*** DATA BELOW Section Begins ***

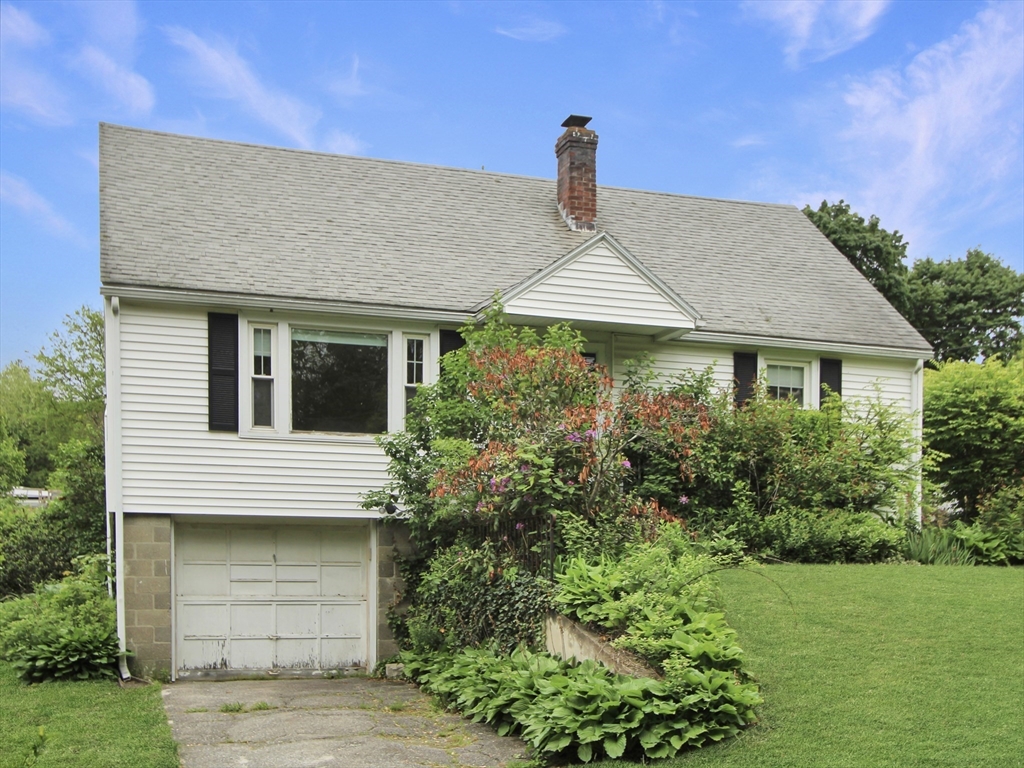 8 Van Ness Ave, Shrewsbury, Massachusetts, 4 Bedrooms Bedrooms, 7 Rooms Rooms,2 BathroomsBathrooms,Residential,For Sale,Van Ness Ave,73383511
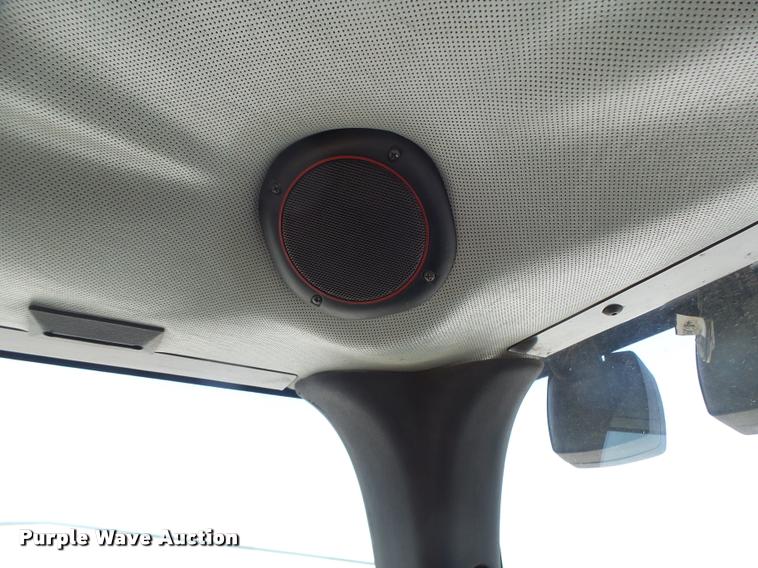 image for item DB1292 2000 Caterpillar Challenger 85E tractor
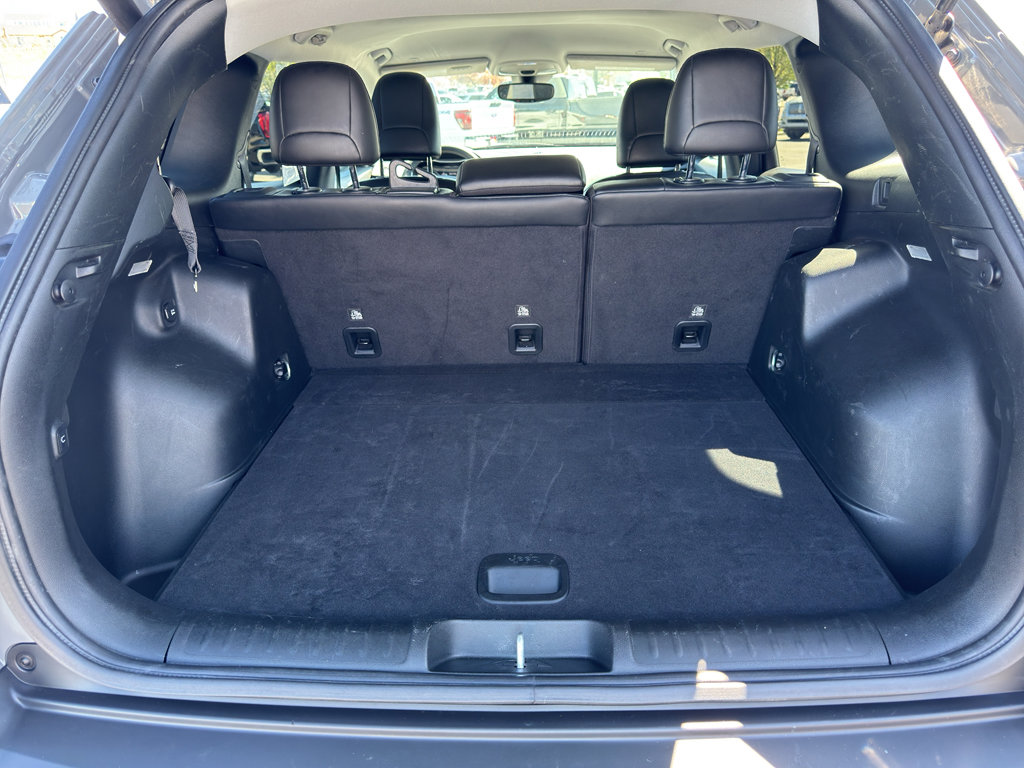 Used 2023 Jeep Cherokee Altitude Lux image 7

*** DATA BELOW Section Ends ***

§ YOUR ASSIGNMENT
In the answer, the data should reappear exactly, with no pictures.

§ TASK RESPONSE
 8 Van Ness Ave, Shrewsbury, Massachusetts, 4 Bedrooms Bedrooms, 7 Rooms Rooms,2 BathroomsBathrooms,Residential,For Sale,Van Ness Ave,73383511
 image for item DB1292 2000 Caterpillar Challenger 85E tractor
 Used 2023 Jeep Cherokee Altitude Lux image 7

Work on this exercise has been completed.